While the decrease in gas prices may provide some backing for the UK economy, the bank predicts that the UK will not perform as well as other countries globally, particularly due to the strong influence of the services sector, says JP Morgan economists. The bank anticipates that the Bank of England will adopt a more cautious monetary policy approach, reducing support for yields. Additionally, JP Morgan believes that the economy’s structural difficulties will undermine its growth potential, ultimately harming the Pound in the medium term. Overall, the bank predicts that the Euro to Pound (EUR/GBP) exchange rate will rise to 0.94 by the conclusion of 2023 (with GBP/EUR at 1.06) and that the Pound to Dollar (GBP/USD) exchange rate will also weaken, reaching 1.15 by the year’s end.

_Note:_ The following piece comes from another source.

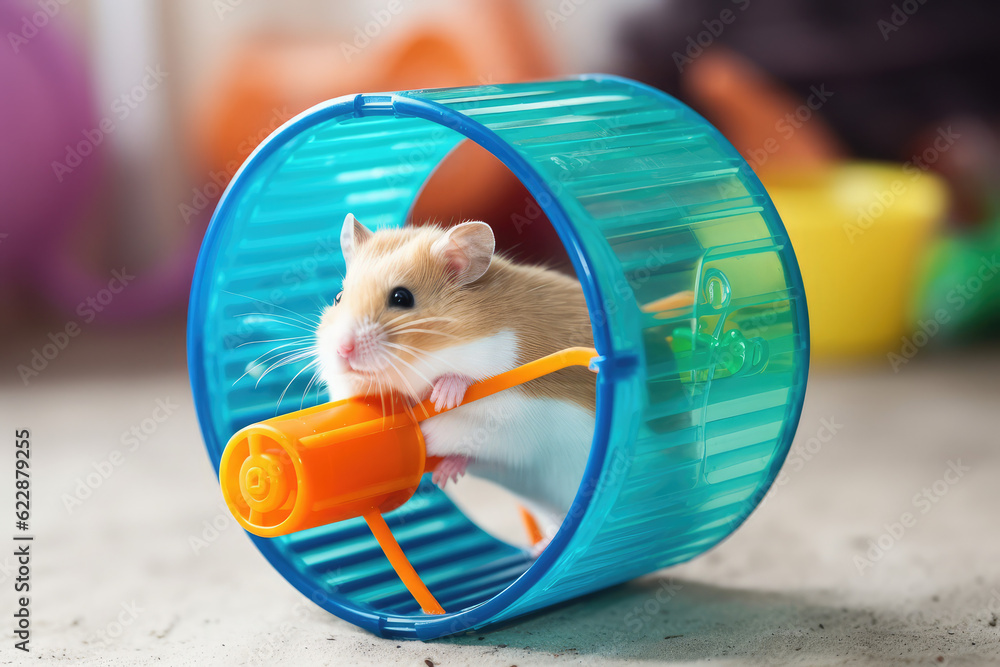 Picture of A hamster running on a wheel in its cage, reflecting the popularity of ...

UK Services-Sector Dependency Limits Recovery Potential

According to JP Morgan, the UK economy will benefit from the drop in gas prices, but it continues to have weak fundamentals.

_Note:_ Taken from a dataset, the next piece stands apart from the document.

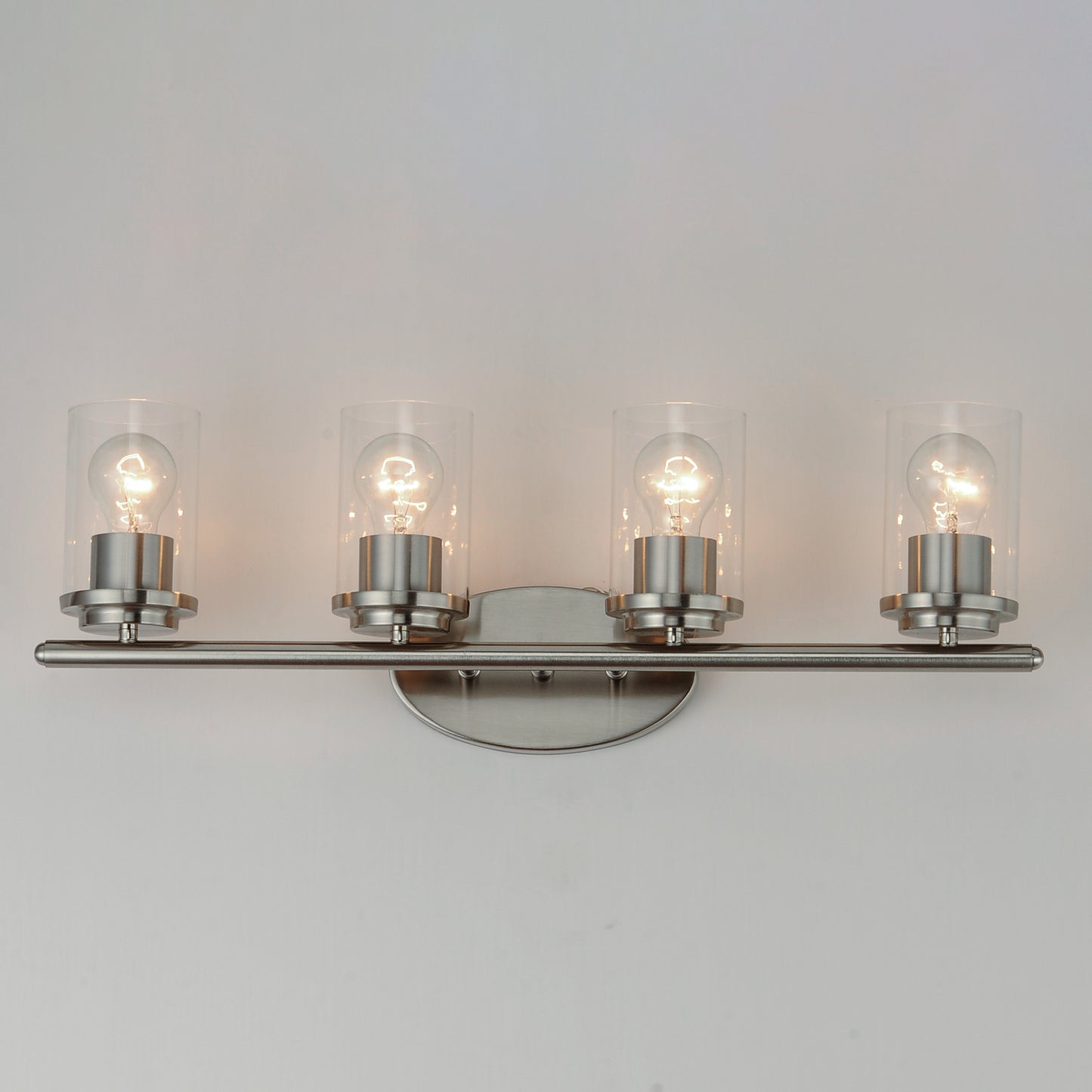 Corona 4-Light Bath Vanity Satin Nickel by Maxim Lighting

“Overall though, we consider that there are still reasons to be cautious on the outlook for the UK property market, services sector, consumer, and supply side labor market,” the statement continues.

The bank anticipates that the UK economy would do worse than other risk-sensitive currencies, particularly those with significant commodity exposure.

In this regard, it is stated that “The UK struggles to rely on alternative revenue sources that, for example, commodity-producing countries can accomplish” while having one of the highest shares of value added in services in the morgan is prediction pound euro rate could drop to 1.06

BoE Turns More Dovish

Overall yield movements will eventually have a significant impact on the Pound.

The UK is one of the G10 countries that are most sensitive to rate spreads, according to JP Morgan, so slight dovishness from the BoE might have an impact.

It mentions that the BoE changed its advice at the most recent policy meeting by removing statements that it will act more strongly if necessary.

A transition to a more data-dependent mode can be expected given the likely imminent conclusion of the hiking cycle, according to JP Morgan, which also mentions that wages and inflation data would be constantly monitored.

Structural Weaknesses Continue in the UK, Significant Impact on Pound

Due to supply-side issues, the Bank of England reduced its medium-term estimate of the UK GDP growth potential to slightly around 1.00% in the most recent Monetary Policy Report.

JP Morgan concurs that these issues, with a particular focus on the labor sector, will significantly undermine the economy. “From a medium-term view, a recurring market theme for our thinking about Ppund has been the severe supply-side labor market pressures that are more obvious than in other economies,” the report states.

Additionally, it assumes that these fundamental flaws will weaken the value of the Pound in the medium run, preventing any revaluation of the currency.